The general idea is to fill the NAs with something that’s acceptable as an integer to Stan but that will cause Stan to complain loudly if one of these data points that should be NA accidentally slips into analysis. Since your response distribution is categorical, you could use any negative integer for the Y values that should be NA. I like to use -99999 because it is usually visually obvious when glancing down a table of the raw data.

Then, you need to keep these disallowed values out of your call to categorical_logit_glm_lpmf. My preferred way to do this is to format the data so that all NAs are trailing within their rows, and then to pass as data int little_n[T] giving the number of genuine values in each row. Then you can do:

  for(t in 1:T){
    target += categorical_logit_glm_lpmf(Y[1:little_n[t],1,t] | ...);
  }

You’ll also need to format your covariates (if you have any) in an appropriate way so that you can index them properly on the right-hand side of the sampling statement, also by using 1:little_n[t].

As an aside, why do you use int Y[N,1,T] instead of int Y[N,T]?

Thanks a lot for your answer, @jsocolar!
Just to verify if I understood, your solution is to fill the vectors with -99999 value and create a new index that will guide my model to read data just until the first -99999 observation, correct?
Then, I also adjust my covariates matrices with the same logic.

I was using

int Y[N,1,T]

because I was trying to enter my response vectors as a list with different lengths, but I realized that it didn’t work and forgot to change. Now I will use

int Y[N,T]

thanks for that observation too :)

yup, that sounds right!

1 Like

I don’t know the reason, but using

int Y[N,1,T]

instead of

int Y[N,T]

is faster.

Here are some Total Elapsed Times for my model.
The first is comparable to the third and the second to the fourth.

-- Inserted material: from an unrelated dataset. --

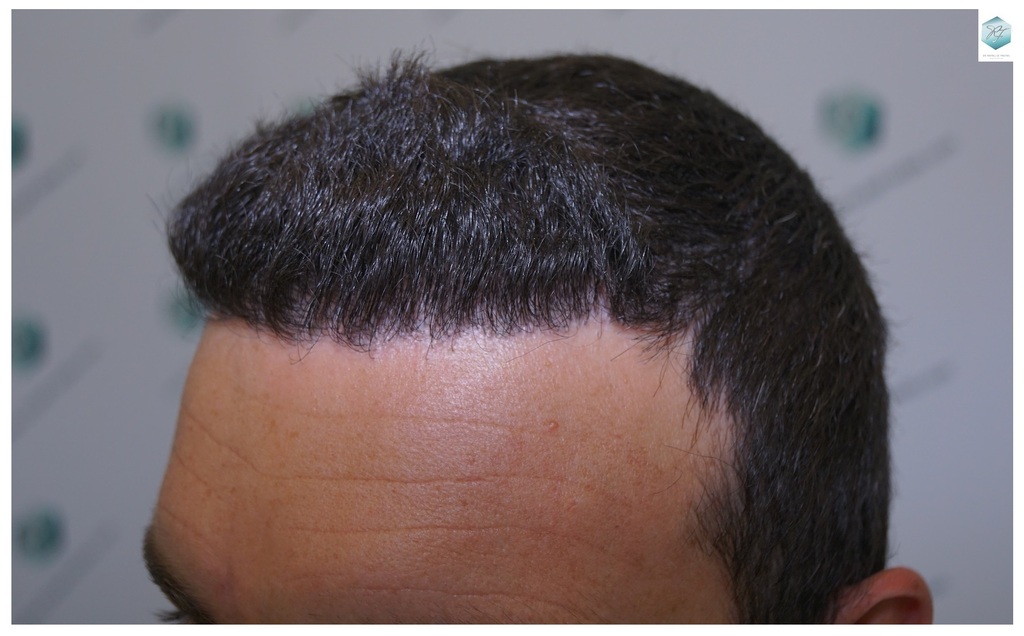 CLINICA DE FREITAS - 2094 GRAFTS FUE 29_zpsjkfytbv9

       chain:1 chain:2 chain:3 chain:4
fit1.1 133.655 141.312 152.418 140.107
fit1.2 155.500 159.835 141.618 148.154
fit2.1 125.247 170.338 128.658 135.469
fit2.2 119.447 139.534 140.474 145.890

fit1.1 and fit 1.2 uses

int Y[N,T]

and the others

int Y[N,1,T].

Just for what it’s worth, eyeballing those numbers I don’t see clear evidence that one is faster than the other. Four or eight samples isn’t likely to be sufficient when the timings range from 125 to 170. My fairly strong prior is that adding an extraneous index in the middle position of an array declaration is very unlikely to speed anything up, but stranger things have certainly happened! If you can confirm that the speedup is real and provide a reproducible example it might be of interest to the developer community here (or maybe they already understand exactly why this would be the case).

1 Like